In a 3-2 vote Thursday, the Federal Communications Commission passed new rules that for the first time give the agency the authority to police internet service providers, such as AT&T, Comcast and Verizon, that share customers' sensitive personal information with third parties, like advertisers.
The FCC's new rules will require internet service providers to get a customer's explicit consent before they can use or share "sensitive" personal information. What constitutes sensitive information according to the FCC? Browsing history, mobile location data, TV viewing history, call and text message records, and information about what mobile apps you use.
The rules also require service providers to spell out to consumers what data they collect and why. And it requires service providers to notify customers of data breaches.
"It's the consumers' information," not the network's, "unless the consumer gives permission," FCC Chairman Tom Wheeler said during a press conference after the vote. "Internet service providers shouldn't be able to sell something that isn't theirs without your permission."
The FCC's rules come at a time when internet service providers are looking to break into the targeted-advertising market to create new revenue streams for their businesses. AT&T's CEO has highlighted that this strategy is a key driver for its plan to buy media giant Time Warner for $85 billion. It was also a major driver in Verizon's acquisition of AOL and its bid to acquire Yahoo. But it comes amid privacy concerns surrounding the handling of personal data from companies like Yahoo, Google and Facebook.
Critics say the FCC's rules are out of sync with the privacy framework the Federal Trade Commission uses to govern the privacy of companies like Amazon, Facebook and Google, which also collect and share customer information with advertisers and which are not included in the FCC's rules.
The FTC also prohibits companies from selling or sharing sensitive personal information, but it limits that data to things such as health data, financial information, and Social Security numbers. The FCC's rules cover this information but also include web browsing and app usage history.
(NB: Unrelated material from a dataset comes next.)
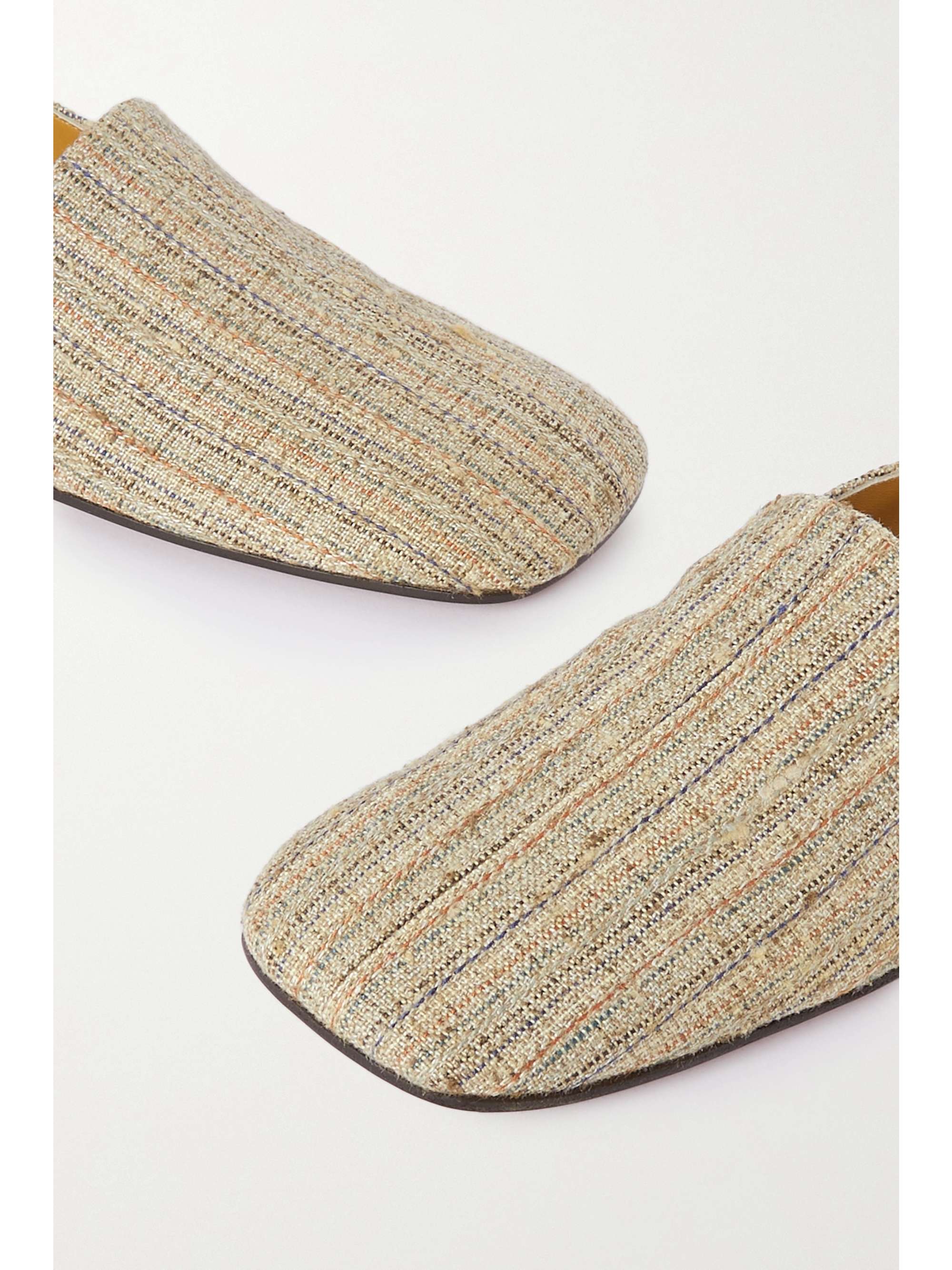 LORO PIANA Andria tweed slippers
Critics complain that having two different privacy standards could confuse consumers and will hamstring broadband and wireless providers trying to get into the advertising market to compete against Google and Facebook.
AT&T described as illogical the FCC's stricter approach of requiring internet service providers to get consent for sharing web browsing and app history, since companies like Google, Amazon and Facebook won't be subject to the same requirements.
"The FCC's divergent approach will ultimately serve only to confuse consumers, who will continue to see ads based on their web browsing history generated by edge providers even after they have been told by their service provider that their consent is required for use of such information," said Joan Marsh, AT&T's senior vice president for federal regulatory affairs.
Republican Commissioner Ajit Pai, who voted against the rules, said the agency has now painted itself into a corner, and that it or Congress must find a way to harmonize the two approaches.
"If the FCC truly believes that these new rules are necessary to protect consumer privacy, then the government now must move forward to ensure uniform regulation of all companies in the Internet ecosystem at the new baseline the FCC has set," Pai said in his statement Thursday.
But others praised the FCC's efforts, saying the commission's rules are an important step forward in protecting consumer privacy.
"For the first time, Internet Service Providers will be required to get consumer consent prior to using the sensitive information they collect," said Dallas Harris, a policy fellow at Public Knowledge, a consumer advocacy group that pushed for the privacy regulation. "While much remains to be done to protect consumers online writ large, the commission's rules establish a baseline level of protection for all."